# EXERCISE DESCRIPTION:
Would you print, word for word, only the lines running from the line with "PENTI Silky Touch Half-Zip Sweatshirt 1" to the last line of the entries, without the pictures?

# MATERIAL SUPPLIED:
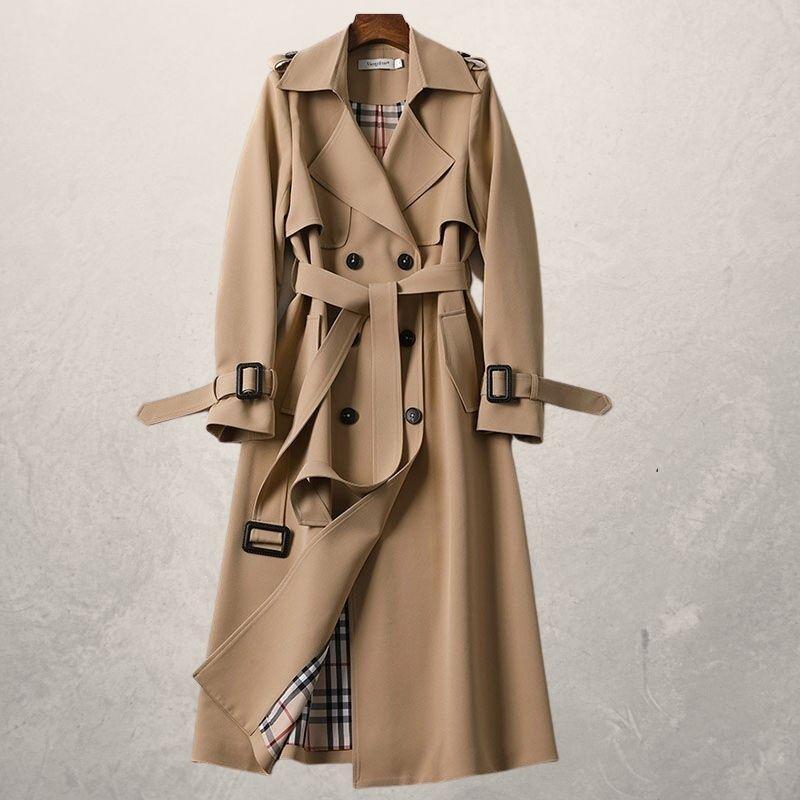 Double-Breasted Trench Coat for Women - Image 5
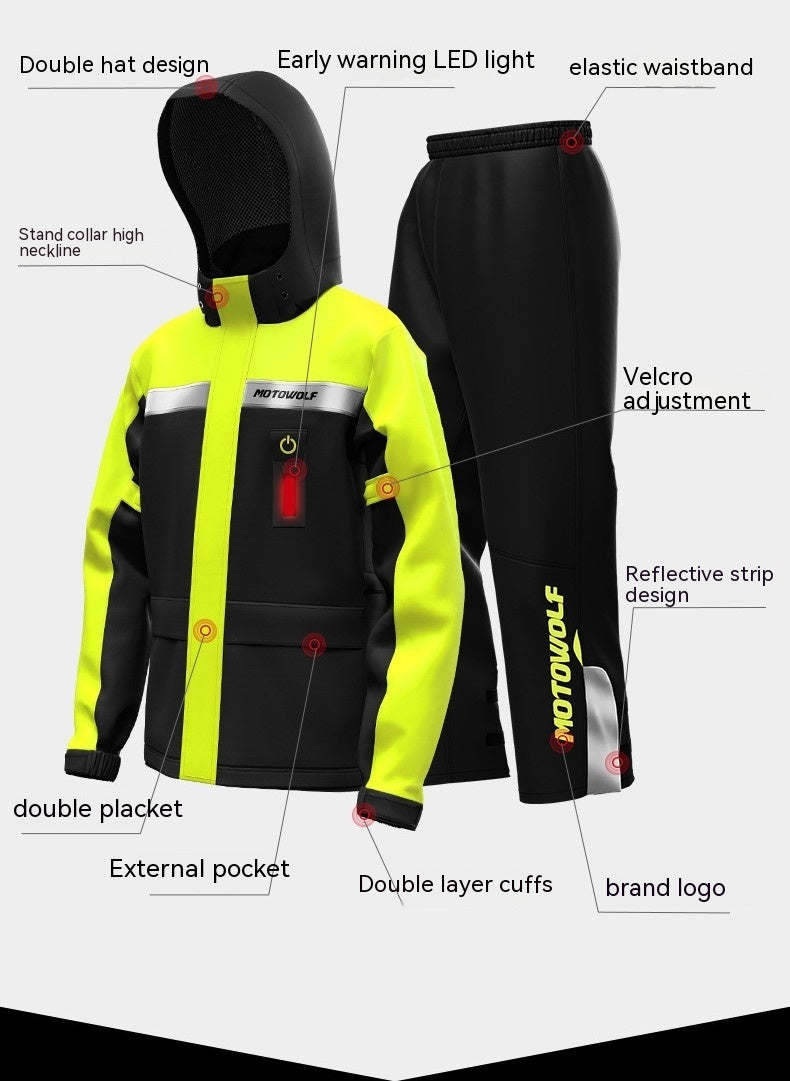 Motorcycle Split Raincoat Suit Outdoor Riding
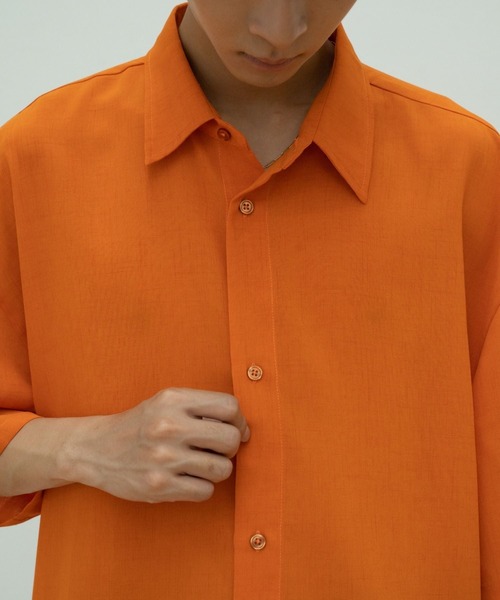 【セール】solid half sleeve shirts（シャツ/ブラウス）｜skoool（スクール）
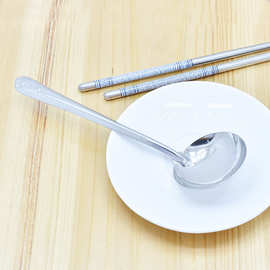 不锈钢餐具圆头油勺 勺子 不锈钢圆勺 汤勺江湖热销酒店礼品赠品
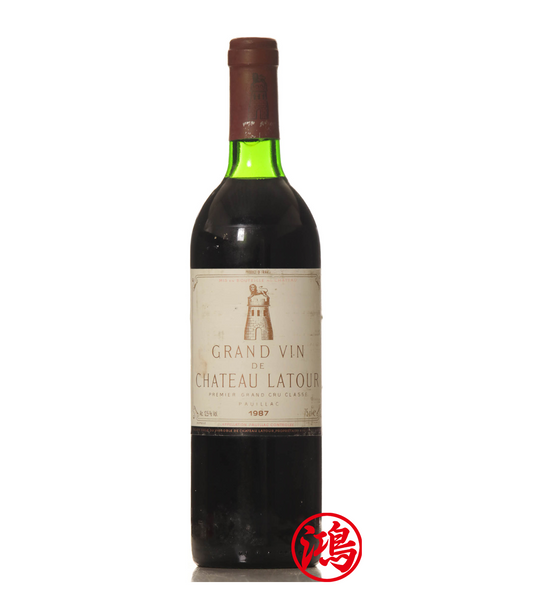 回收Château Latour 1987年 拉圖酒莊紅酒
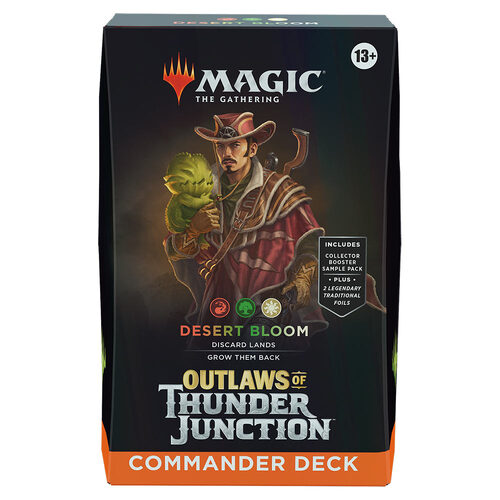 Magic: The Gathering - TCG - Outlaws of Thunder Junction Commander Deck - desert bloom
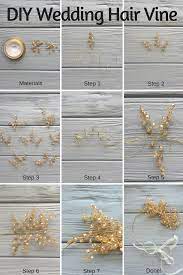 Diy Wedding Hair Vine Or How To Make Your Very Own Gorgeous Hair Piece Not Even Necessarily For A Wed Bead Hair Accessories Diy Wedding Hair Hair Vine Wedding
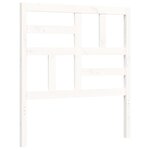 vidaXL Cadre de lit avec tête de lit blanc 90x200 cm bois massif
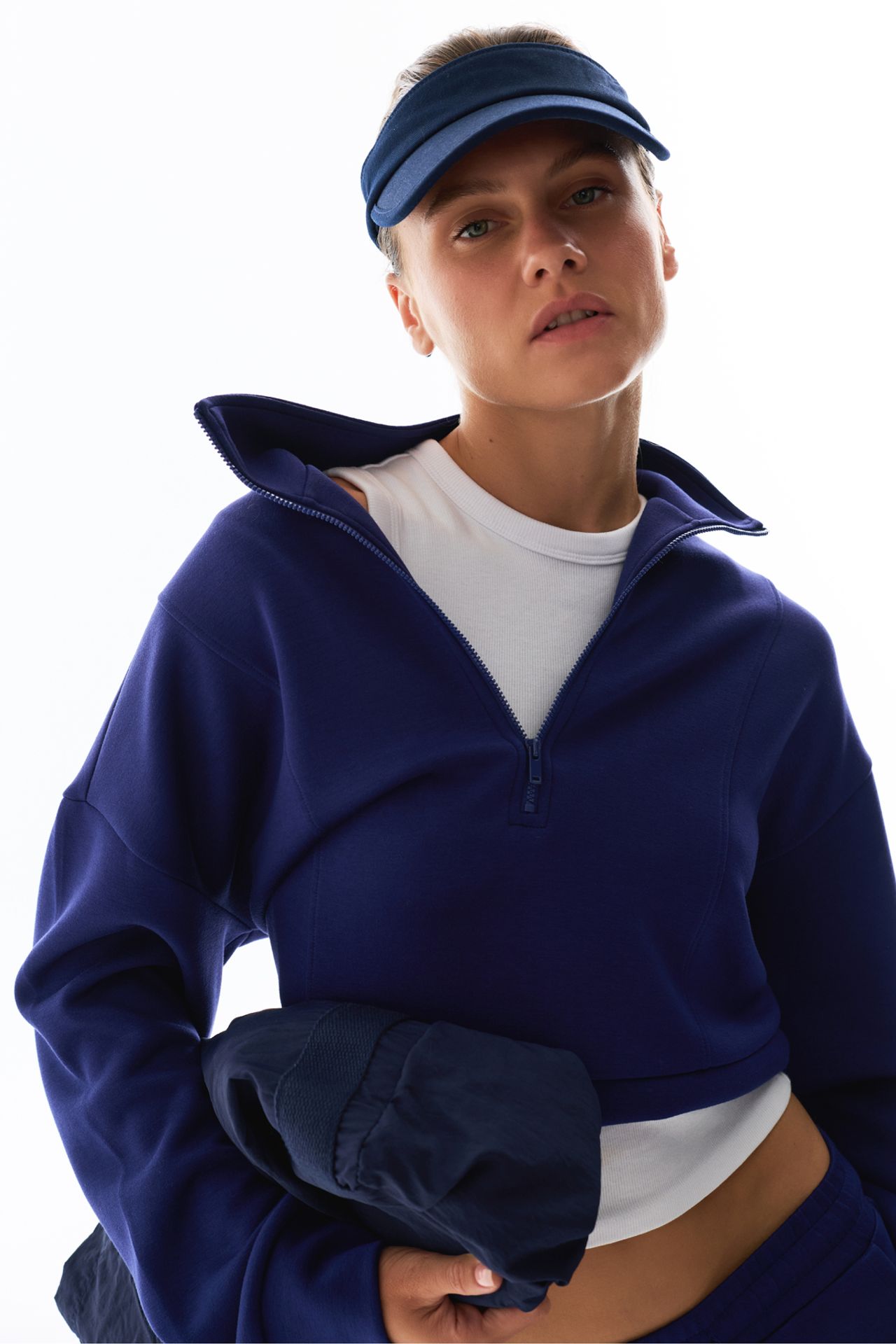 PENTI Silky Touch Half-Zip Sweatshirt 1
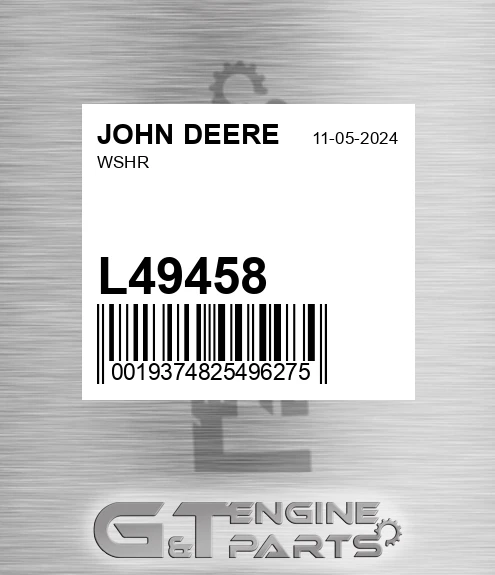 L49458 Wshr for JOHN DEERE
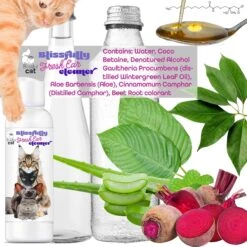 The Blissful Dog Simply Clean Cat Ear Cleaner, 4-oz Bottle -Pawfect Care 879910 PT3. AC SS1800 V1689279434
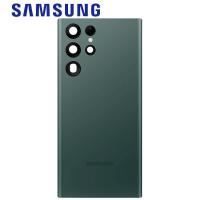 Samsung Galaxy S22 Ultra S908B Back Cover + Camera Glass Green Service Pack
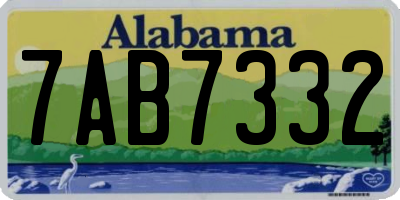AL license plate 7AB7332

# RESULT OF THE EXERCISE:
 PENTI Silky Touch Half-Zip Sweatshirt 1
 L49458 Wshr for JOHN DEERE
 The Blissful Dog Simply Clean Cat Ear Cleaner, 4-oz Bottle -Pawfect Care 879910 PT3. AC SS1800 V1689279434
 Samsung Galaxy S22 Ultra S908B Back Cover + Camera Glass Green Service Pack
AL license plate 7AB7332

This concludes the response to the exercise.